Statistical Analysis

Data distribution was initially assessed using the Shapiro–Wilk test. The parametric distribution data were subjected to ANOVA followed by the Student–Newman–Keuls test to compare each variable analyzed at different time points. The variables with a non-parametric distribution were compared by the Kruskal–Wallis test, followed by Dunn's test, to verify significance (P ≤ 0.05), except when indicated. The correlations between the variables analyzed were examined by means of the Pearson and Spearman correlation tests for parametric and non-parametric data, respectively. The statistical software GraphPad Prism 9.0 was used (GraphPad software, Inc., San Diego, USA).

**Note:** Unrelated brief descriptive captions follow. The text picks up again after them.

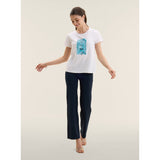 Freddy Womens Knitted Short Sleeves T-Shirt Floral Print In White/Light Blue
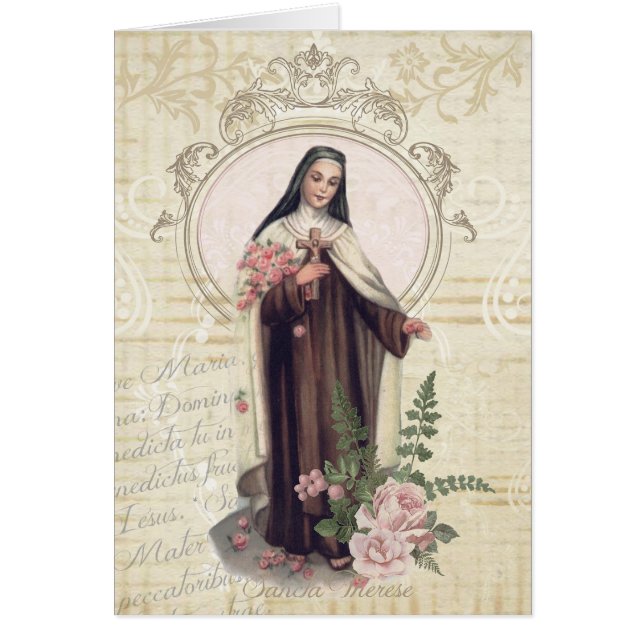 St. Therese of Lisieux Roses Vintage Religious (Front)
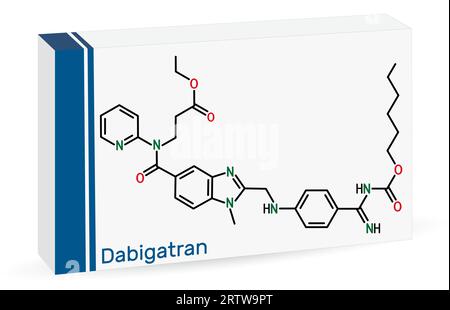 Molécule de dabigatran. C'est un médicament anticoagulant. Formule chimique squelettique. Emballage en papier pour médicaments. Illustration vectorielle Illustration de Vecteur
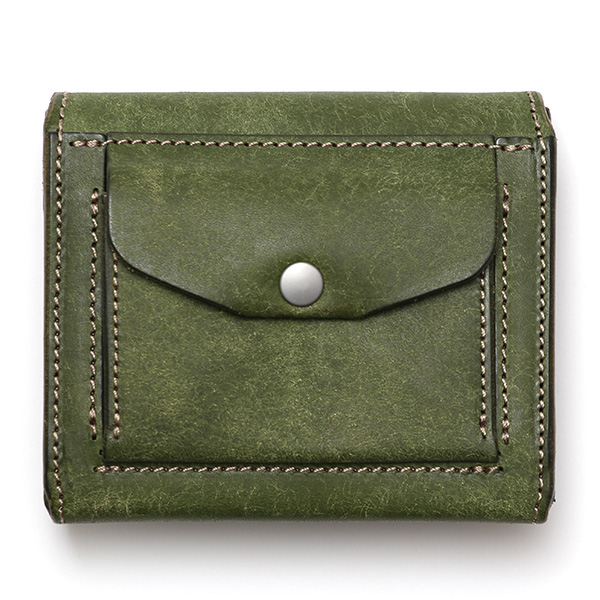  池之端銀革店 財布 プエブロ レザー スリムウォレット 二つ折り 本革 お財布 小さめ 小銭入れ ミニ財布 グリーン 緑色 シンプル 牛革 束入れ 札入れ 皮 ブランド ギフト メンズ レディース 日本製 Cramp(クランプ) Cr-602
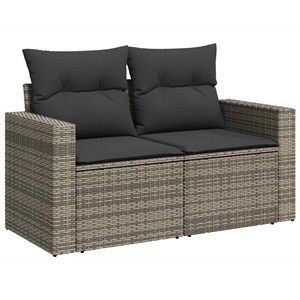 Maison exclusive - salon de jardin 6 pcs avec coussins gris résine tressée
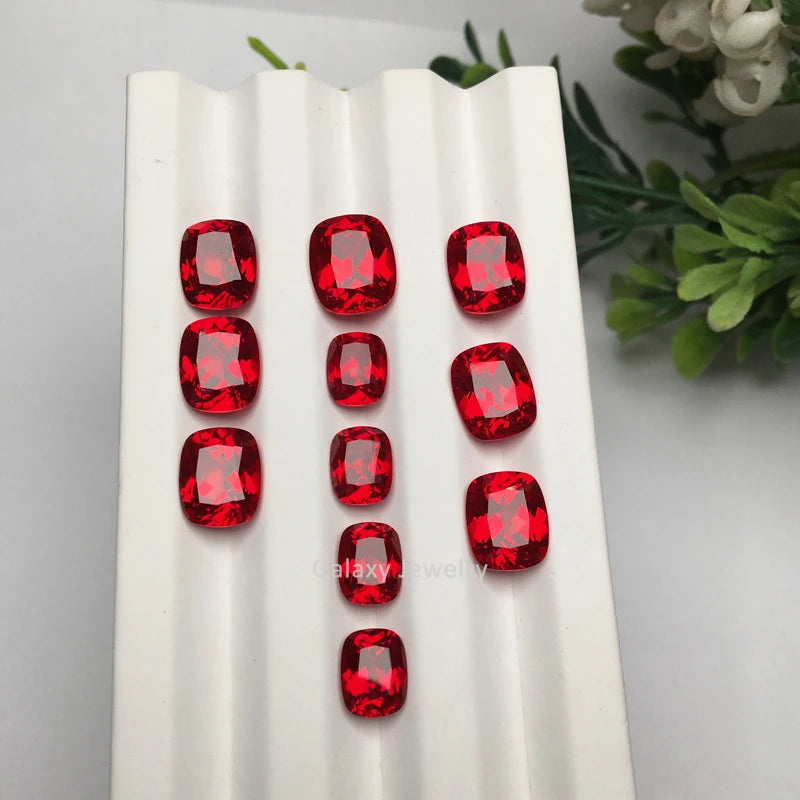 Lab Grown Gemstone Ruby Synthetic Lab Created Pigeon Blood Red Ruby Elongated Cushion Cut 1.0-5.0Ct Factory Price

To investigate the association between the expression of CLTA-4 and PD-1 in T lymphocytes, with endometritis indicated as the percentage of neutrophils > 18% in EC at T20 and T30, generalized linear regression was used, with the dependent variable being disease (percentage of neutrophils > 18%) and explanatory variables being the sampling time, parity, and the farm/breed. All of these analyses were performed in the R program [R (25)] and the tidyverse (26) and broom (27) packages. The results are expressed as the mean ± standard error, and α = 5% was used for all analyses, except when indicated.

Results

Descriptive Analysis

In the present study, no significant differences were observed in the generalized linear regression model between multiparous and primiparous cows, with no effect of dairy farms/breeds on the variables analyzed. Out of 26 enrolled dairy cows, 16 (61.54%) and six (23.08%) dairy cows developed cytological endometritis at T20 and T30, respectively, i.e., showed a high percentage of neutrophils (>18%) in the endometrial cytology. The diagnosis of ketosis determined by the serum concentrations of BHB and NEFA was detected at T0 in one (3.85%) and seven (26.92%) dairy cows, at T10 in four (15.38%) and three (11.54%) dairy cows, and at T30 in two (7.69%) and two (7.69%) dairy cows, respectively.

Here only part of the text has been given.